所以，最后，您需要检查差异。此时您需要深入研究代码并了解它是如何映射的。我建议使用源代码、LLVM IR 或程序集进行此探索（如果您不了解某些转换，请随时提问）。

也许有一些展开？也许测试更好地暗示？谁知道，经过几十年的存在，你可能会发现一颗珍珠。

注意：要在 http://coliru.stacked-crooked.com 上获取 LLVM IR，请使用以下命令行 clang -O3 -S -emit-llvm -o main.ll main.cpp && cat main.ll

【讨论】：

不调用srandom()，random()每次输出相同的序列。
@MapX: 你的意思是srand 和rand 吗？我个人不知道random这个函数，cppreference也不知道，所以我以为是自定义函数。
random() 不是标准库的一部分。但是rand() 和random() 在这个问题中的行为是一样的。
@MapX：我编辑了我的答案以考虑到random 调用可能会生成相同的数字序列。

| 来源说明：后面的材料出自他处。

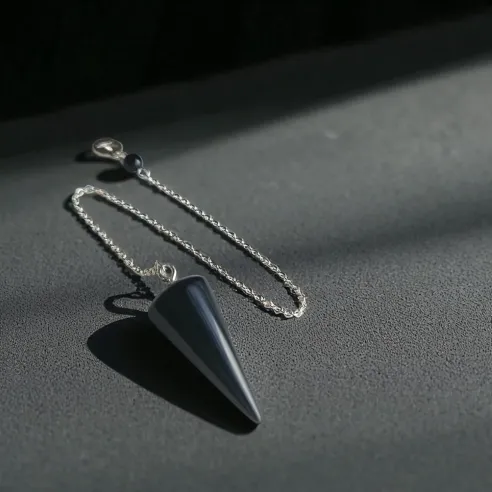 Pendule obsidienne cône lisse – Outil de divination protecteur
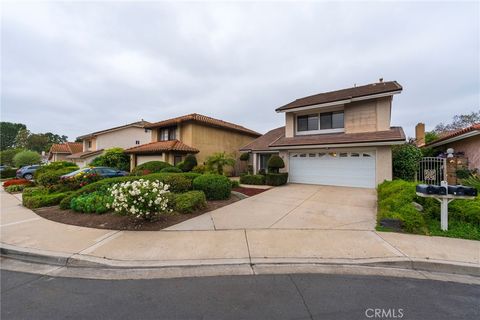 Photo of 27 Lucero E, Irvine, CA 92620 (MLS # OC26100813)
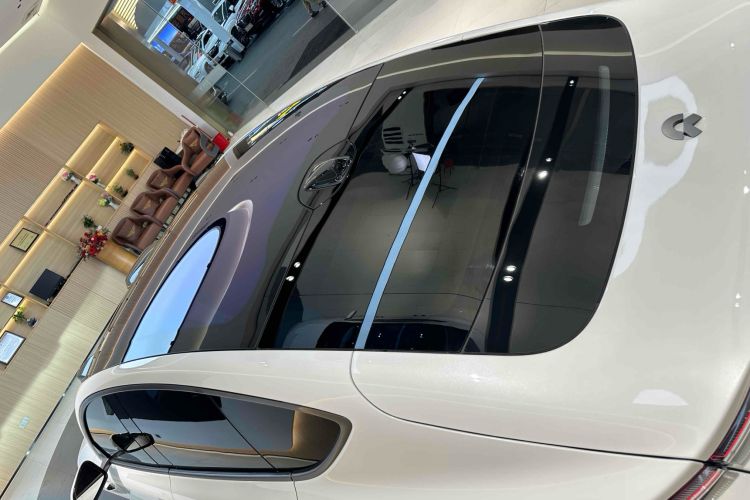 Used Nio ET5 2022 75 kWh Roof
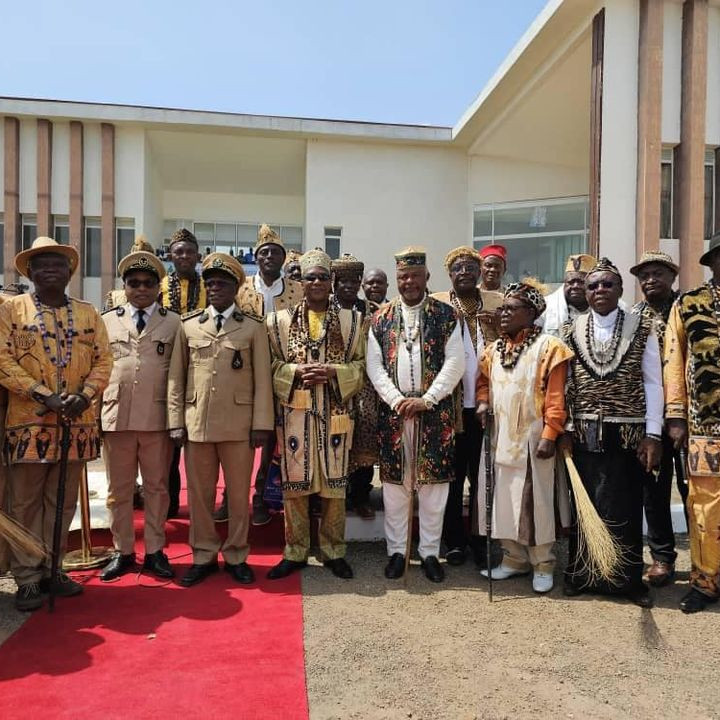 Manaouda Malachie : Nouveau M’BA MôN de la Grande Chefferie Sud-Camerounaise :: CAMEROON Manaouda Malachie : Nouveau M’BA MôN de la Grande Chefferie Sud-Camerounaise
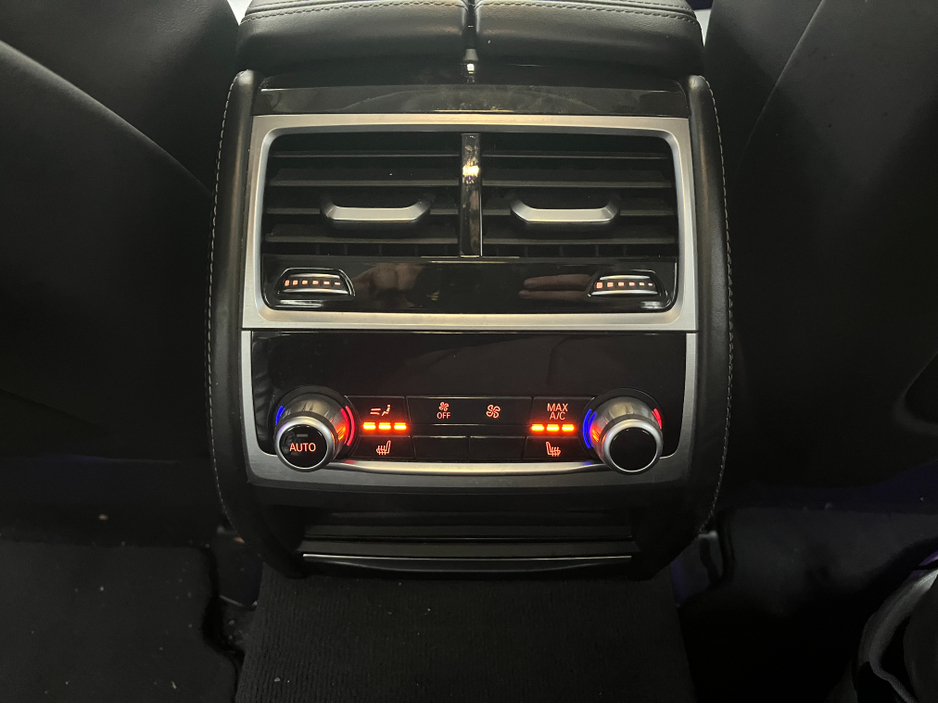 2017 BMW 7 Series - image 16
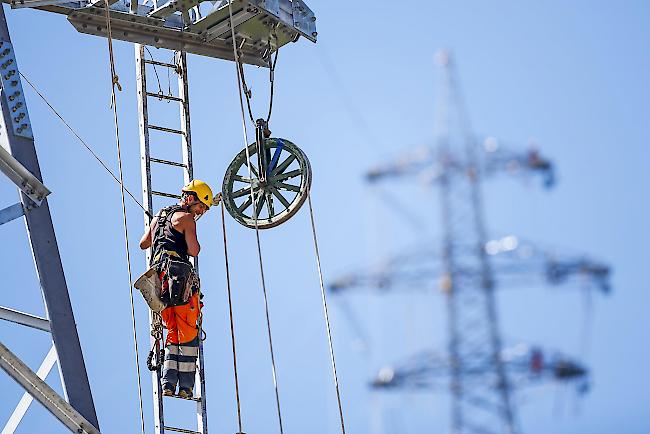 Neue Strommasten im Unterwallis, ein wichtiges Leitungsprojekt für Swissgrid. (Bild: Industriezone Chandoline, Sitten)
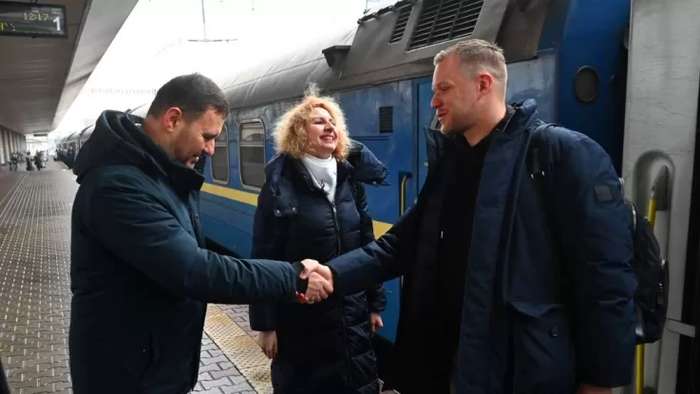 новини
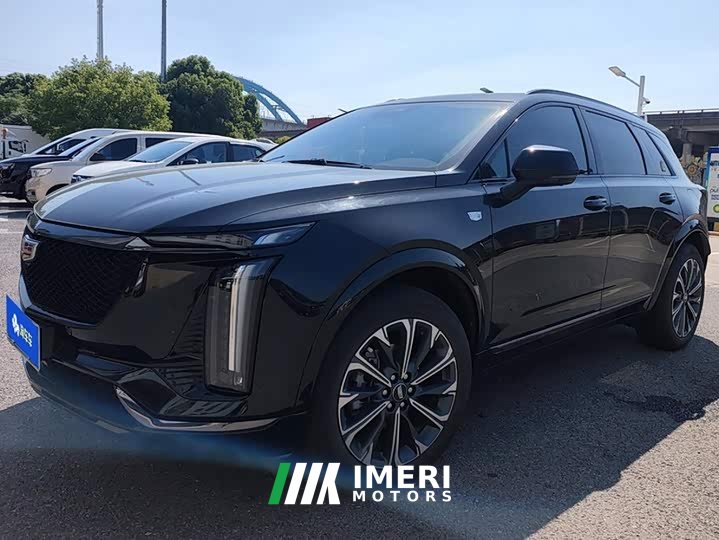 Cadillac XT5 2.0T Luxury - ავტომობილი ჩინეთიდან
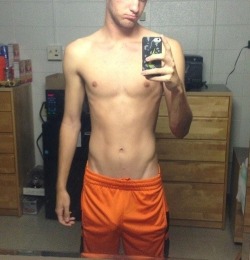 freeballks:  Check out my blog. Freeballkssubmit your freeballing pics to freeballks@gmail.comor kik nikestud35Share your stories about freeballing encountersAsk me anything  Those orange shorts really make it POP!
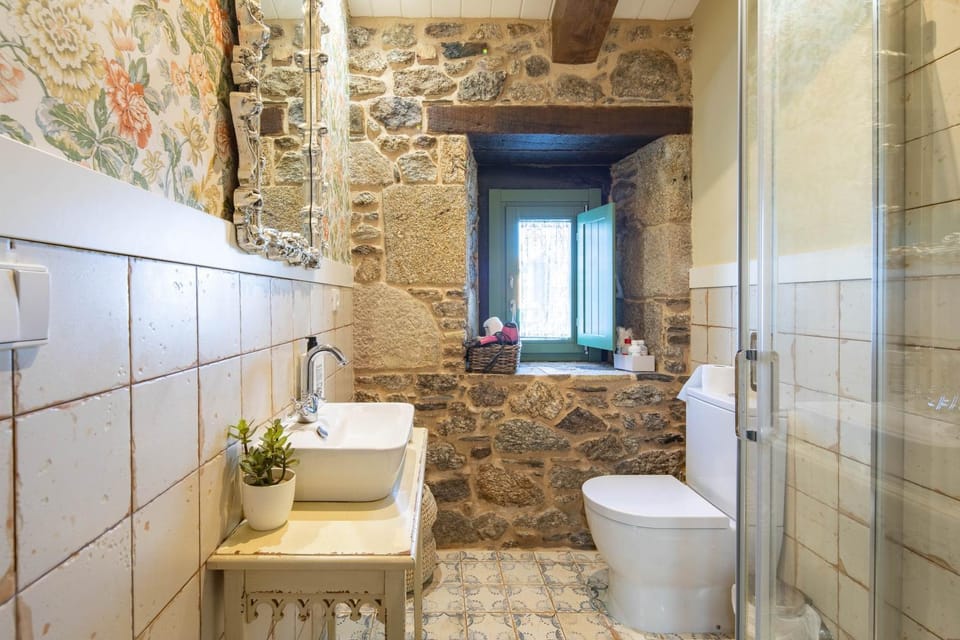 Bathroom, Living room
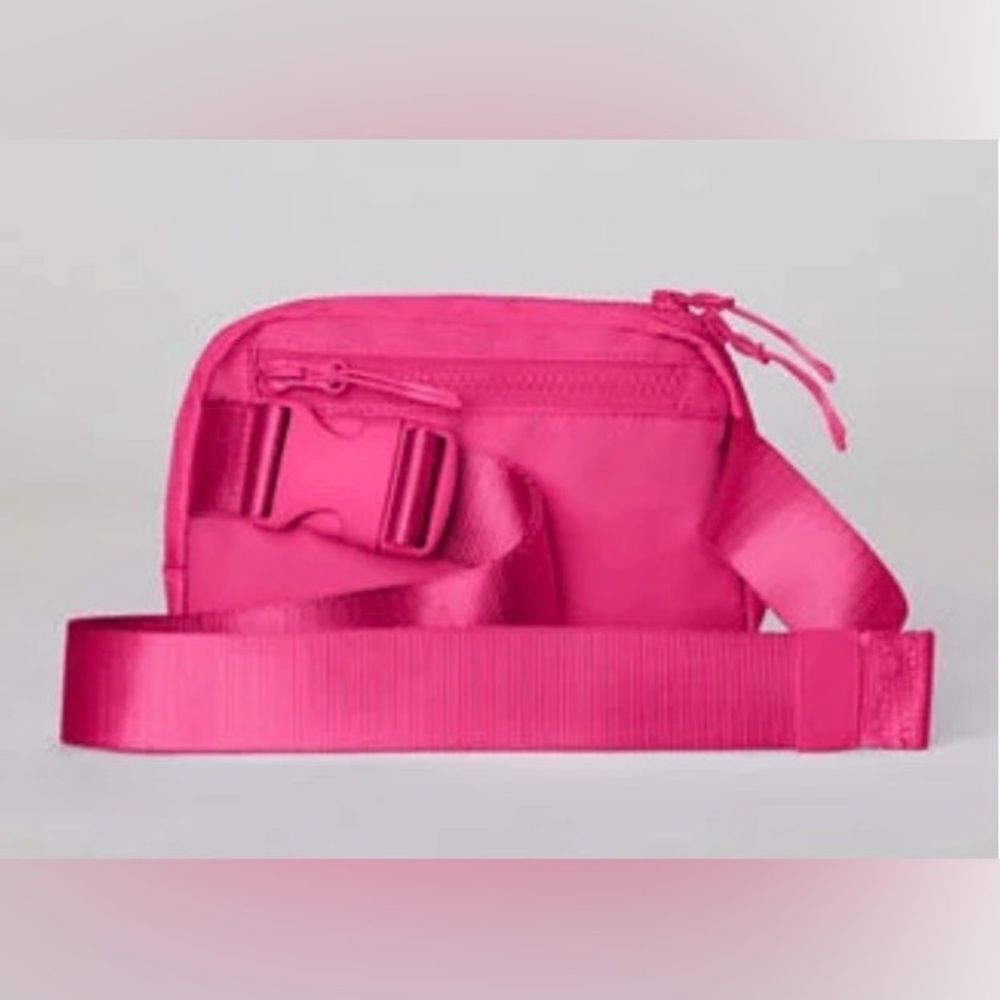 NWT Fabletics *Pink Crush* The Belt Bag - Picture 4 of 5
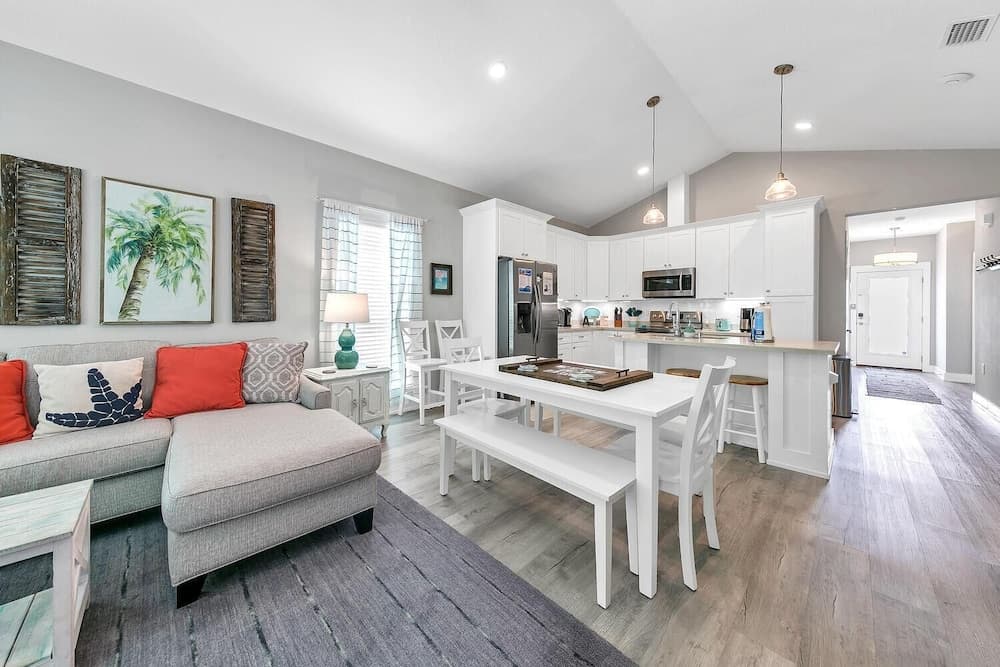 Beach Life - Image 28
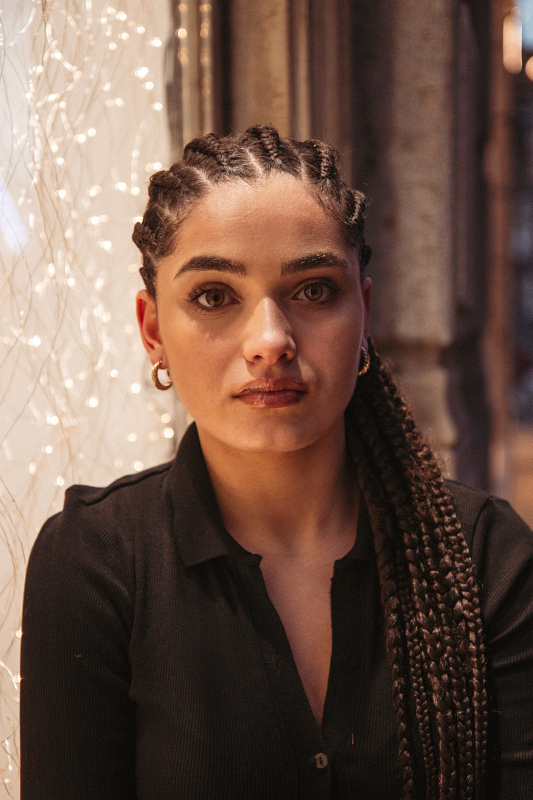 Portrait d'une jeune femme, réalisé à la lumière d'une vitrine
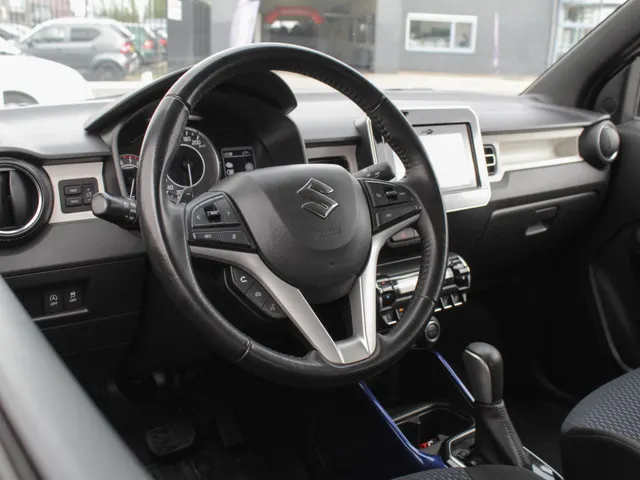 Suzuki Ignis 1.2 Smart Hybrid Style Automaat | Navi | Cruise | Clima | Camera | Lm-Velgen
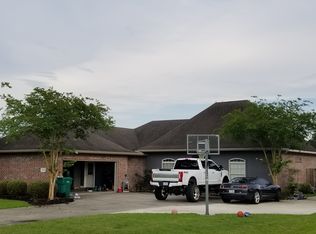 2765 Grayson Ln, Lake Charles, LA 70605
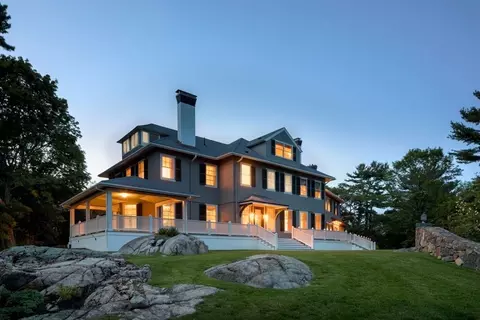 73 Bridge St, Manchester, MA 01944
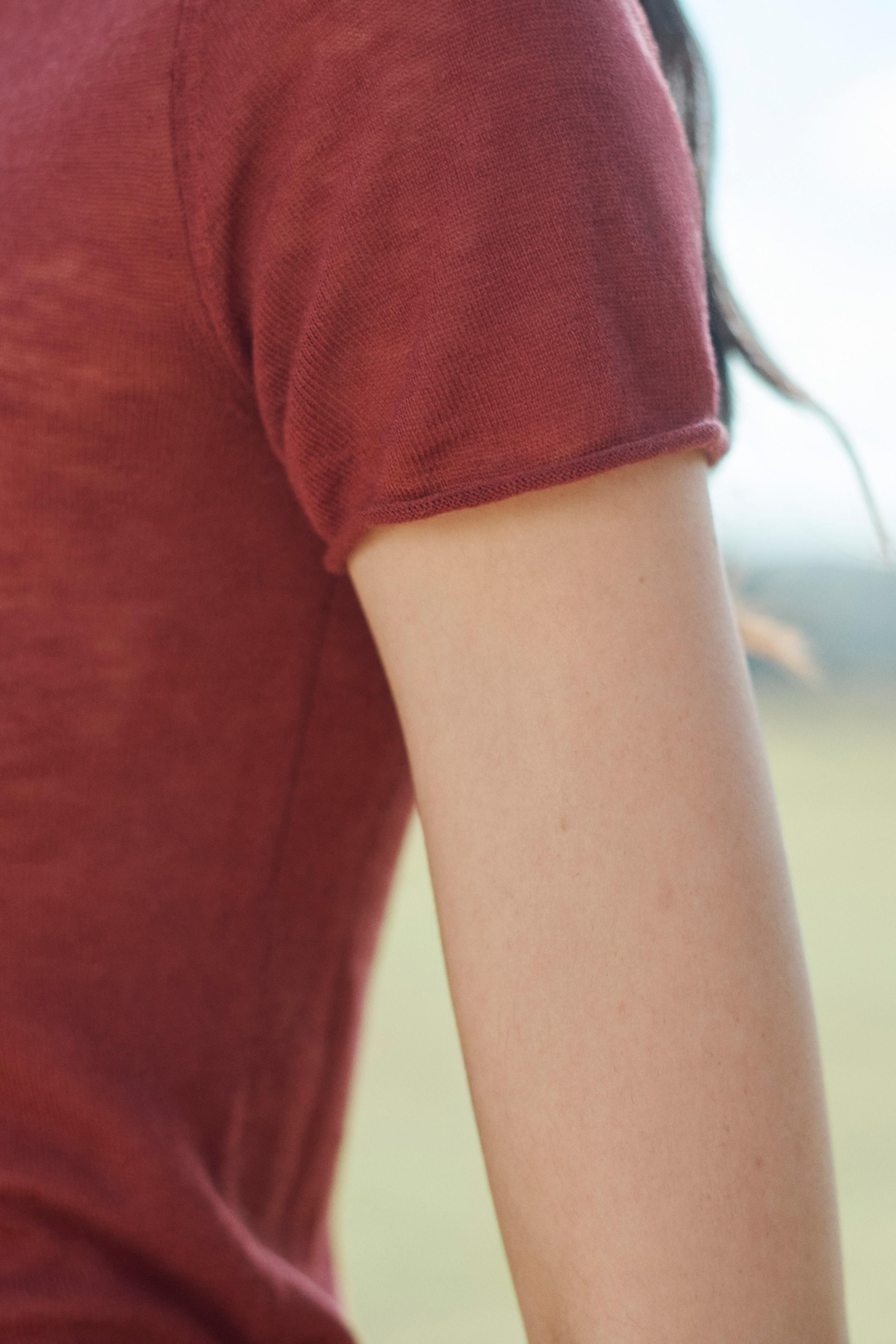 100% WOOL KNIT TOP LIMITED EDITION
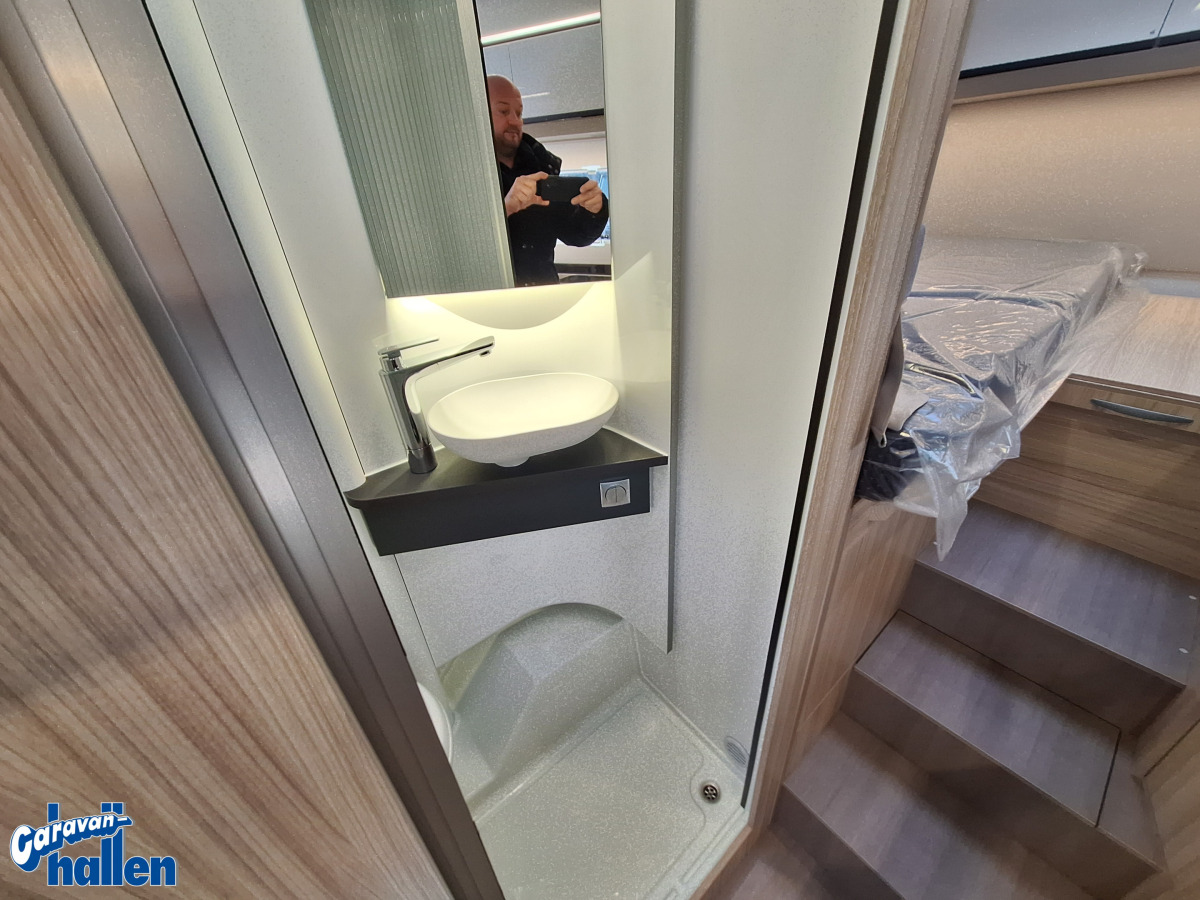 Adria Compact Supreme DL (Kompkyl/Adaptiv/Loungepack/Safetypack/Elek.p.broms/m.m), bild 18 av 25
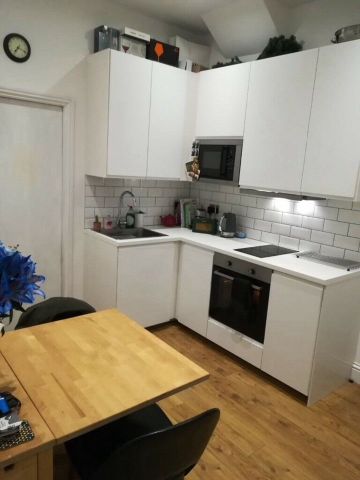 1 Bed Flat, Silk Mills Path, SE13 - Photo 4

它不会明显影响在此调用中花费的时间，也不会影响用于收集度量的统计方法。
@MapX 不管怎样，我都会尝试减少rand() 调用的时间因素，要么提前生成随机数（除非只有少数，否则不要这样做很昂贵）或者；生成随机数，启动定时器，搜索，停止定时器，总时间，循环。

【解决方案2】：

编译器无论如何都会内联比较函数，而 STL 实现通常由大师编写。

【讨论】：

他们是大师并没有解释他们自己版本之间的区别。

【解决方案3】：

我修改了 Mohit Jain 的第一个答案。我有 2 个版本：

版本 1

inline bool compare(const int *beg, const int *end, int v) {
  while (beg <= end) {
    const int* const p = beg + ((end - beg) >> 1);
    const int z = *p;
    if(z != v){
        beg = z > v ? beg : p + 1;
        end = z < v ? end : p - 1;
    }
    else {
        return true;
    }
  }
  return false;
}

第 2 版

inline bool compare(const int *beg, const int *end, int v) {
  while (beg <= end) {
    const int* const p = beg + ((end - beg) >> 1);
    const int z = *p;
    if(z != v){
        beg = z > v ? beg : p;
        end = z < v ? end : p;
    }
    else {
        return true;
    }
  }
  return false;
}

运行时间

原始版本：2642

Mohits 版本：2435

我的版本 1：2413

我的版本 2：2366

t1: 2606

t2: 2508

我使用的gcc版本是4.7.2。

t0,t1,t2的结果与OPs结果一致。

令我惊讶的是，我的第 2 版是最快的。由于过度拟合（即优化此特定测试集的代码），这可能是偶然发生的。另外，我不确定为什么我的版本 1 比 Mohits 版本快。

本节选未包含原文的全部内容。